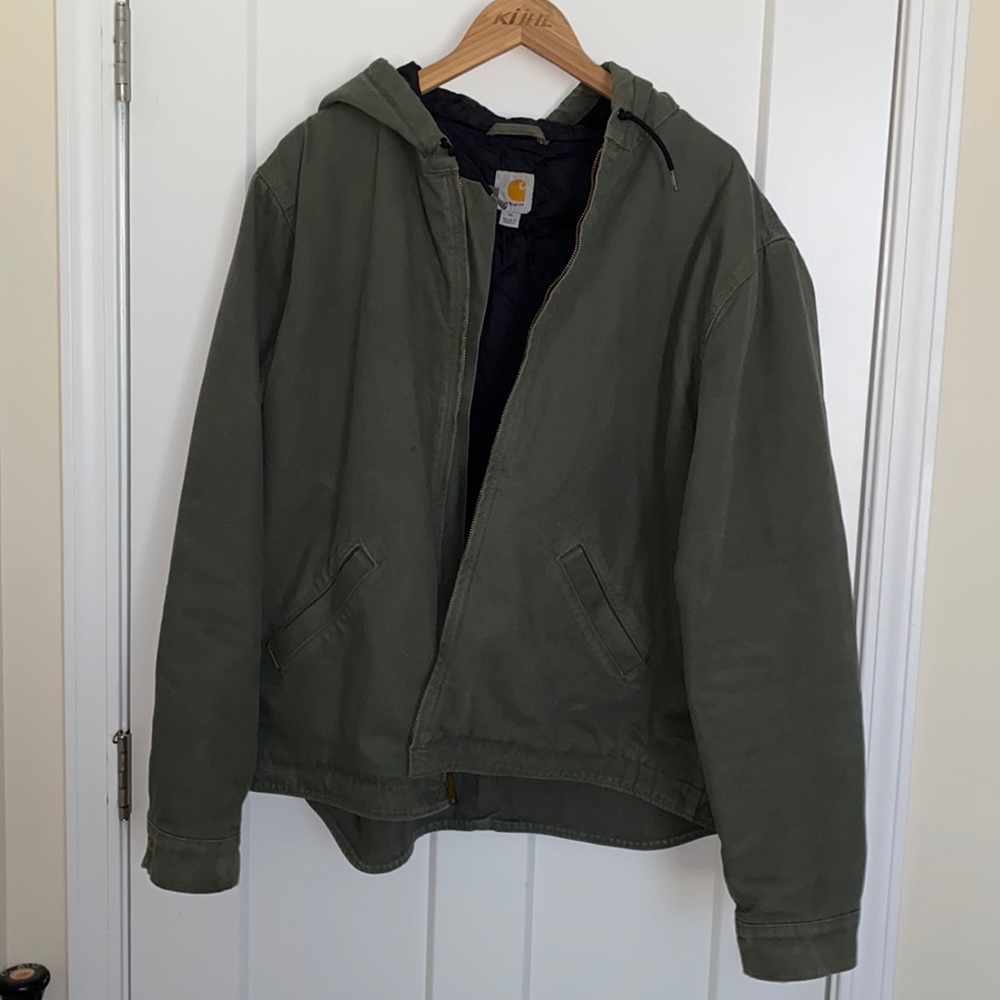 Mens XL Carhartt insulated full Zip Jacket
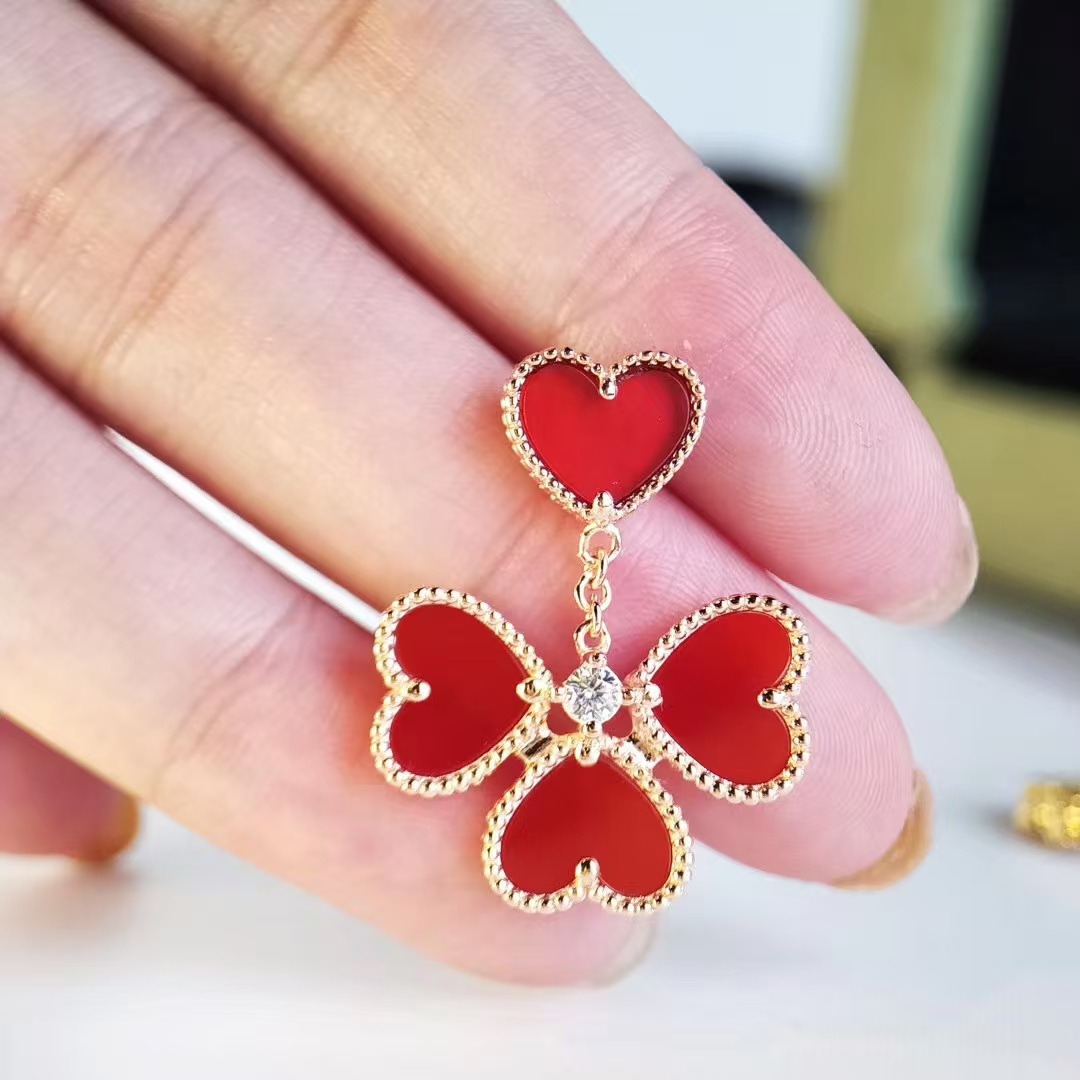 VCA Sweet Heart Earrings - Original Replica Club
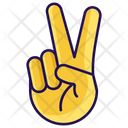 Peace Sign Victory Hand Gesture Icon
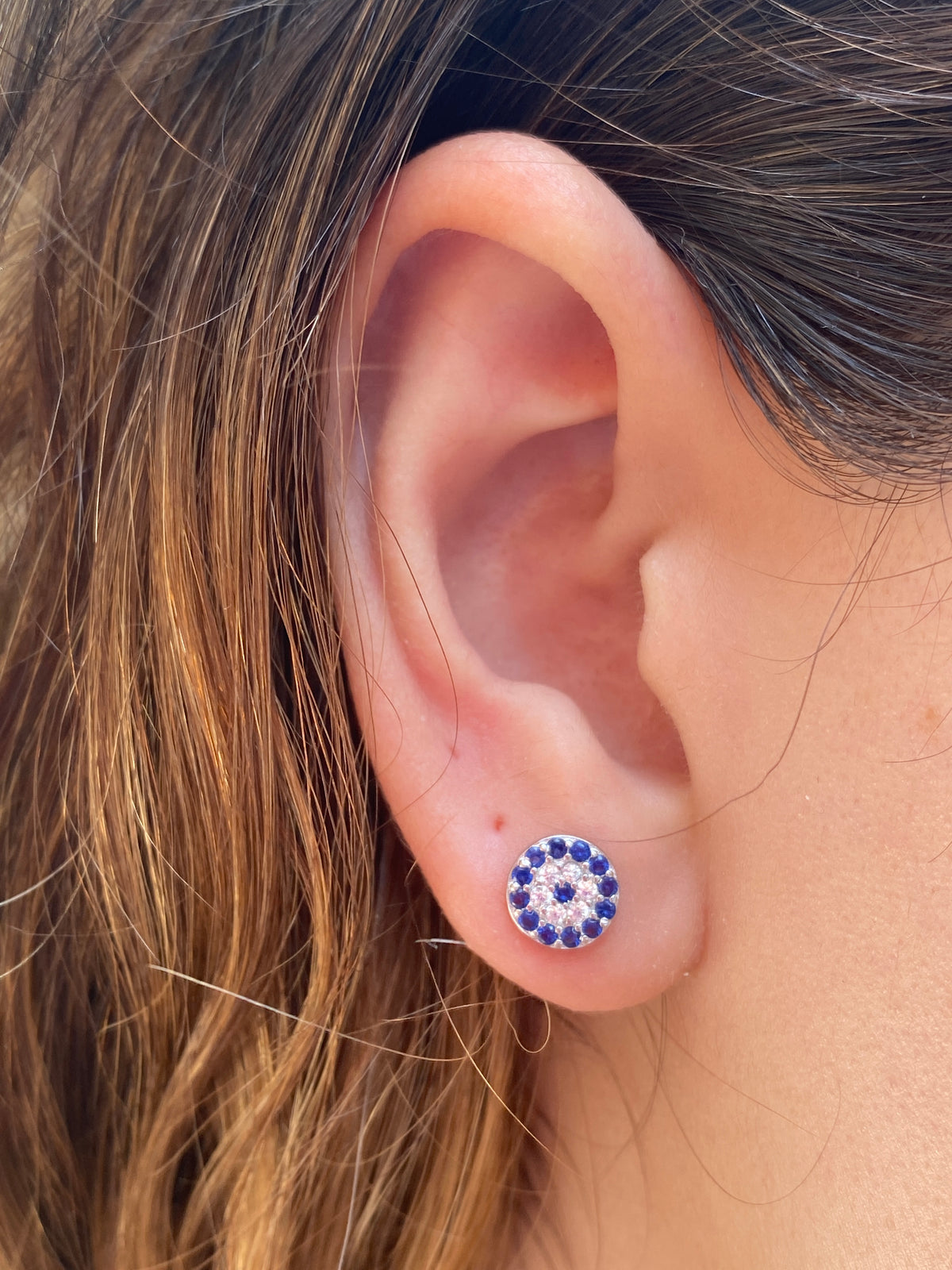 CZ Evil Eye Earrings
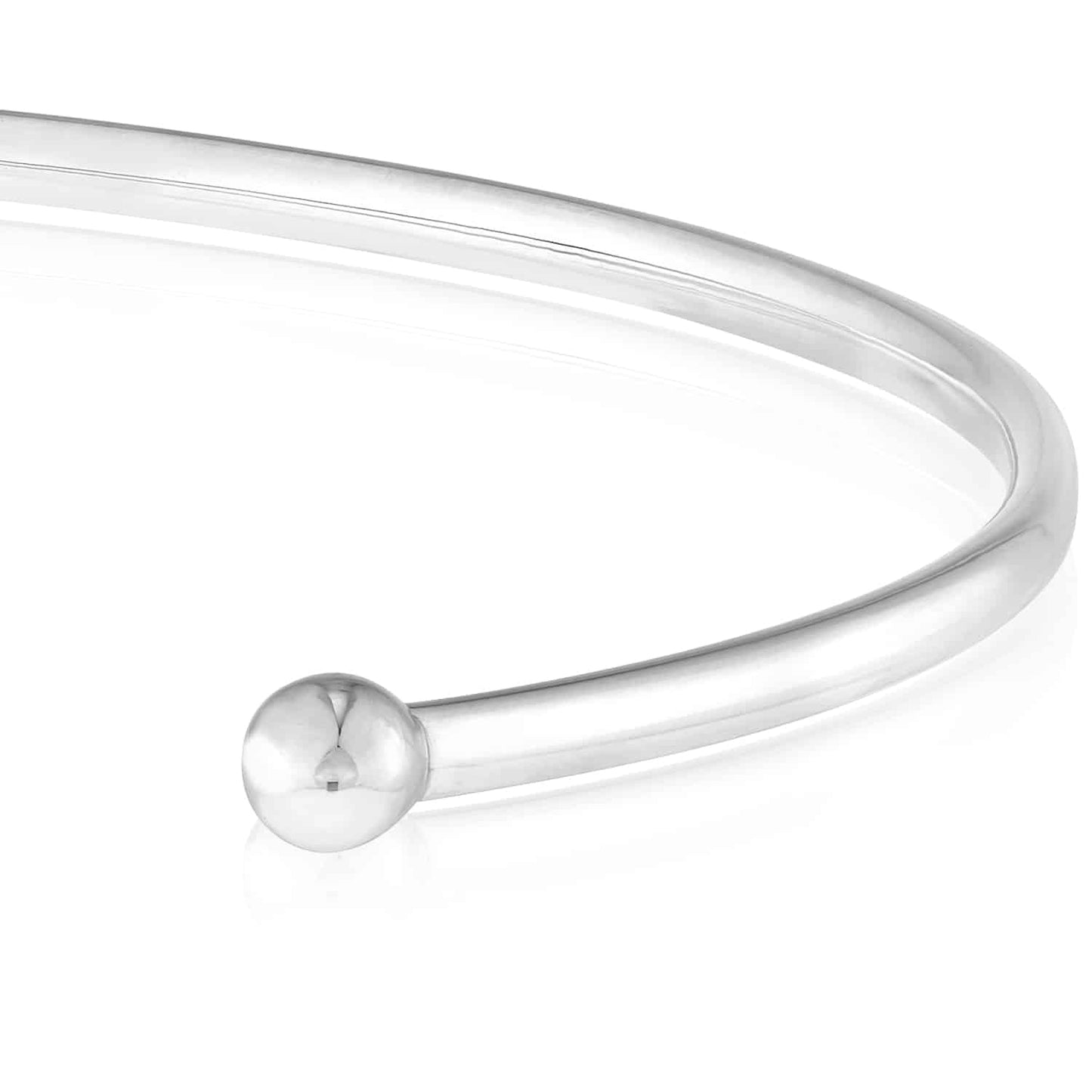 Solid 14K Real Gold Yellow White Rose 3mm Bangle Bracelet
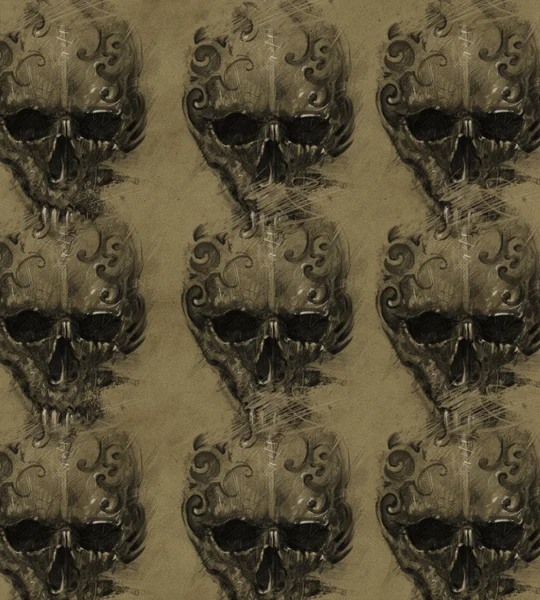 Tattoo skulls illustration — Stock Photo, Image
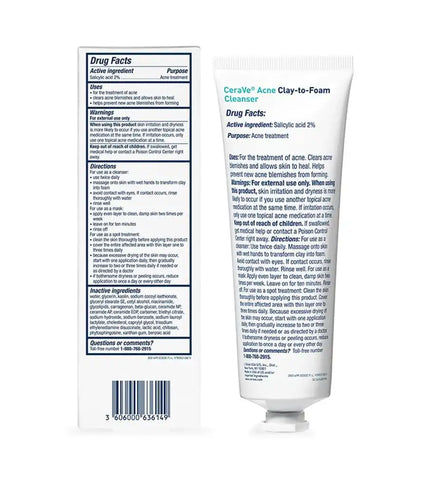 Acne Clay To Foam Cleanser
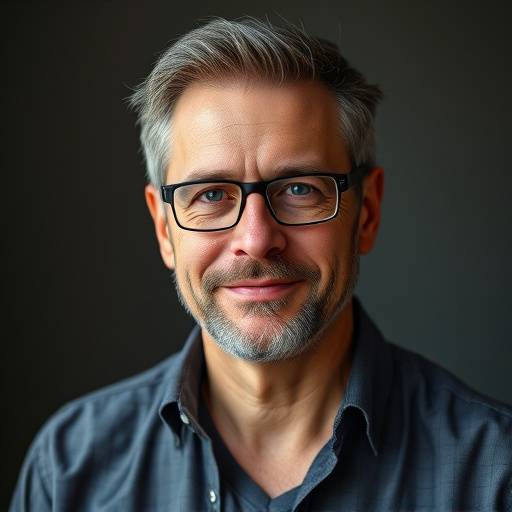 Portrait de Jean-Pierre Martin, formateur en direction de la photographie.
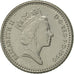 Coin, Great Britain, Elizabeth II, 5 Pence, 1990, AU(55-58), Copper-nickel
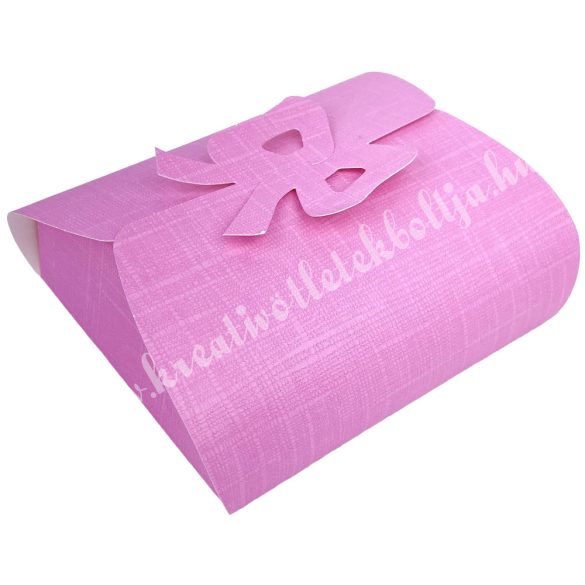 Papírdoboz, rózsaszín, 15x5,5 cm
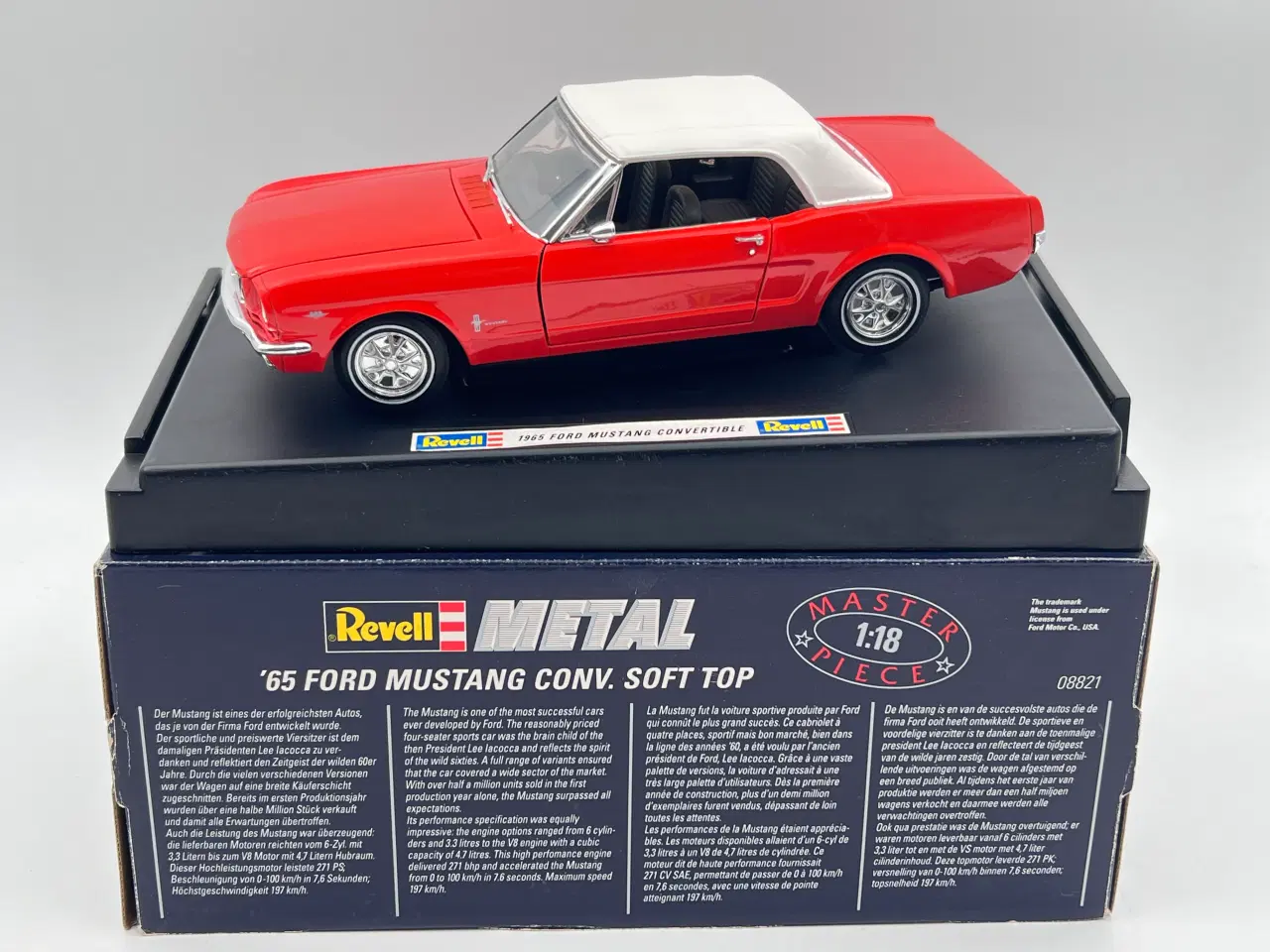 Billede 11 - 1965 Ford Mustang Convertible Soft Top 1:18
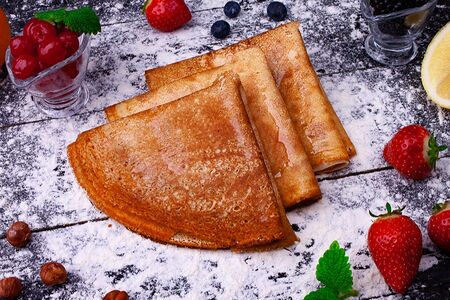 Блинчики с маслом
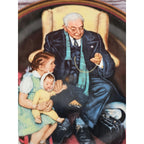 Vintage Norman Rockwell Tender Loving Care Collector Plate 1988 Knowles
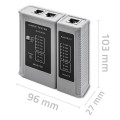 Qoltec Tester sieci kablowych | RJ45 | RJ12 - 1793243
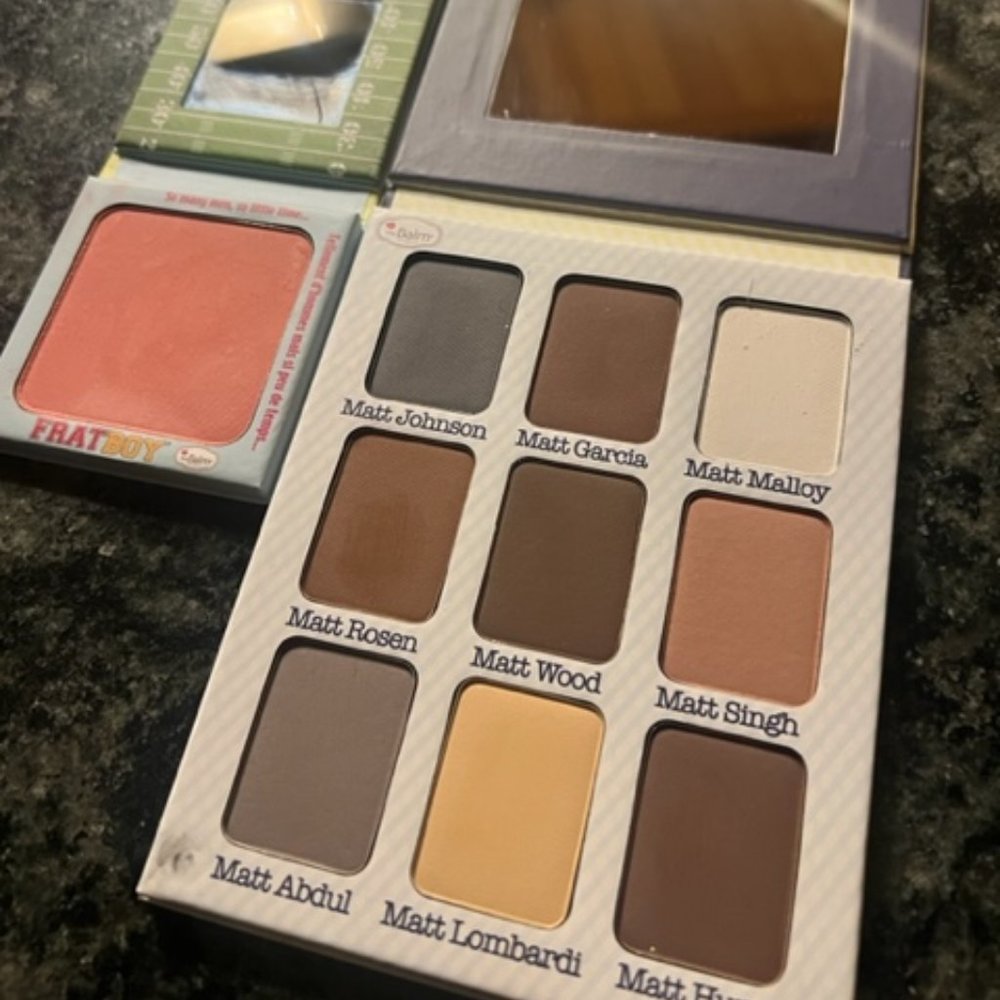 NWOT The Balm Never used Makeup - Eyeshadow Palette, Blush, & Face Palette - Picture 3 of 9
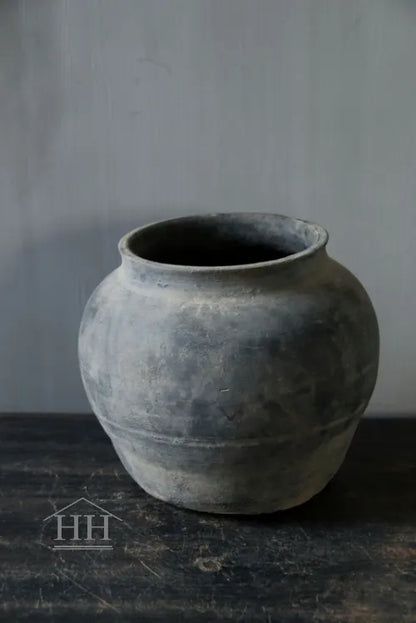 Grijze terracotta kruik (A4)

**Assignment**
Above are the records; copy every one of them exactly and omit the images.

**Response area**
 Mens XL Carhartt insulated full Zip Jacket
 VCA Sweet Heart Earrings - Original Replica Club
 Peace Sign Victory Hand Gesture Icon
 CZ Evil Eye Earrings
 Solid 14K Real Gold Yellow White Rose 3mm Bangle Bracelet
 Tattoo skulls illustration — Stock Photo, Image
 Acne Clay To Foam Cleanser
 Portrait de Jean-Pierre Martin, formateur en direction de la photographie.
 Coin, Great Britain, Elizabeth II, 5 Pence, 1990, AU(55-58), Copper-nickel
 Papírdoboz, rózsaszín, 15x5,5 cm
 Billede 11 - 1965 Ford Mustang Convertible Soft Top 1:18
 Блинчики с маслом
 Vintage Norman Rockwell Tender Loving Care Collector Plate 1988 Knowles
 Qoltec Tester sieci kablowych | RJ45 | RJ12 - 1793243
 NWOT The Balm Never used Makeup - Eyeshadow Palette, Blush, & Face Palette - Picture 3 of 9
 Grijze terracotta kruik (A4)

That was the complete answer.